What Am I Doing Wrong? ...by Bill Knell
At various times in our lives we take a snapshot of where we are, where we were and where we would like to be. Most of us aren't totally happy with the results. Sometimes we compare our situation to those of our friends or associates. That makes us ask, "Why can't I be where they are in their life and career? What am I doing wrong?"
If you're going to take some time for self-examination and compare your life to other people's, you should never allow that time to turn into a self-condemnation session. Sure, we would all like to be doing better then we are, but everyone is different. You might be surprised to find out that some of the people you have decided to compare yourself with are not as happy or fulfilled as you think.
During my late teens and early twenties, I spent a lot of time with a guy I'll call Jimmy. He played guitar and I liked fooling around with the drums, so we ended up as close friends. When we first met in a group of people, he seemed somewhat distant and troubled. Having been where he was, I understood that living in New York City and being a teenager was a lot of pressure for anyone to deal with. We spent a lot of time playing music and talking. Being a couple of years older then Jim, he tended to listen to some of my advice. After we had known each other for awhile, Jimmy told me that he had been contemplating suicide and meeting me had probably saved his life.
While we were close friends, our fortunes changed. He started college, moved to Long Island and got engaged. During the same time, I had invested myself and all I had into what I had hoped would become an opportunity for me, only to find myself totally betrayed and all my hopes dashed. This resulted in some bad decision making on my part, which left me without friends or what I believed was much of a future. So I moved to another part of New York City and took a job as a Church Cleaner.
During the time I worked at that Church, I met some new friends. Although the Church I worked for was one that I didn't worship at, I found myself in a position to work with and help teens that were getting into trouble there. Although I can never say that the time I spent cleaning that Church was financially profitable, it was a growth experience that gave me the opportunity to share myself with others and help a lot of people. That's something that no one can place a price tag on.

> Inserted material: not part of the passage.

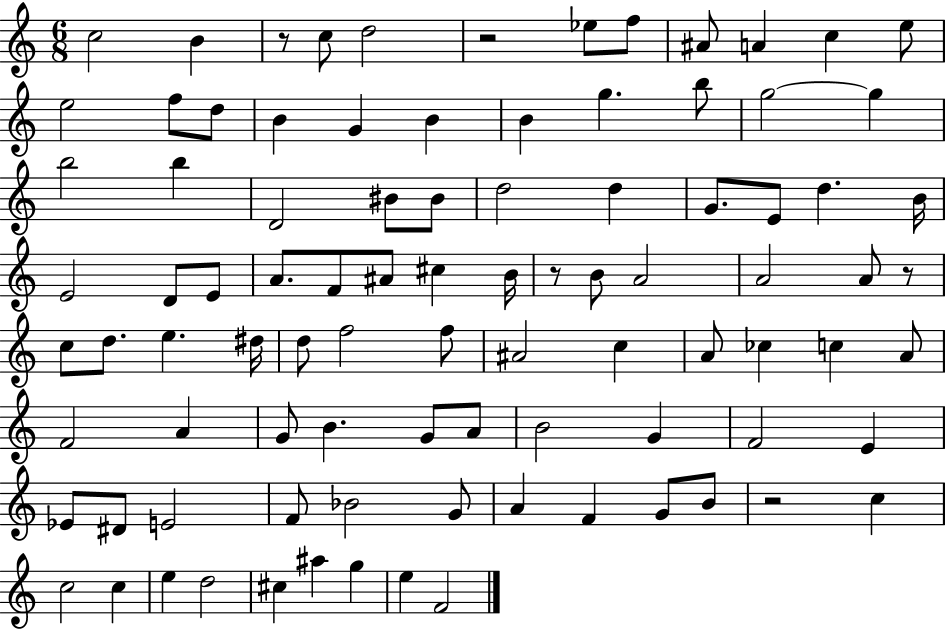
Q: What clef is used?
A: treble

It was Jimmy's goal to be a professional musician. He never attained that goal to the extent that he would have liked. His parents were intent on him becoming a professional in a more stable field, a doctor or lawyer. He did become a lawyer and as I look at him today, I sometimes get jealous. Not because he's a lawyer, but because I would have liked to have had supportive parents. His parents made everything Jimmy has possible for him. Since we haven't spoken for many years, I do not know how happy or unhappy he is. I know of his situation, but not how he feels about it. What I do know is that he probably wouldn't be here at all if we hadn't met. Rather then fret over all the advantages that Jimmy had over me, I can rejoice over the fact that I was able to help someone to go on and not give up!
Before you decide to have a personal pity party over where you are as compared to friends, relatives or co-workers, stop and take stock of some of the good things that you've done. Things that have nothing to do with money or status. And if you're still not satisfied, then it's time to get out and lend a hand to someone. Volunteer at a hospital or blood bank. Donate your time to a church, synagogue, mosque or whatever religion you choose to follow. Use your experiences to empower and encourage those down on their luck. It's never too late to start doing good. And it's likely that good will come back to you.
During the time I was having a lot of problems, Jimmy was too busy and self-involved to help me. Maybe he was angry because of some of the bad decisions I had made and I fully understand that. But help did come. I had given help and it returned to me when I needed it. Looking at things in the present can distort our view of our own situation and sometimes make us feel badly. Where you are now, might be exactly where you should be, even if it doesn't seem that way.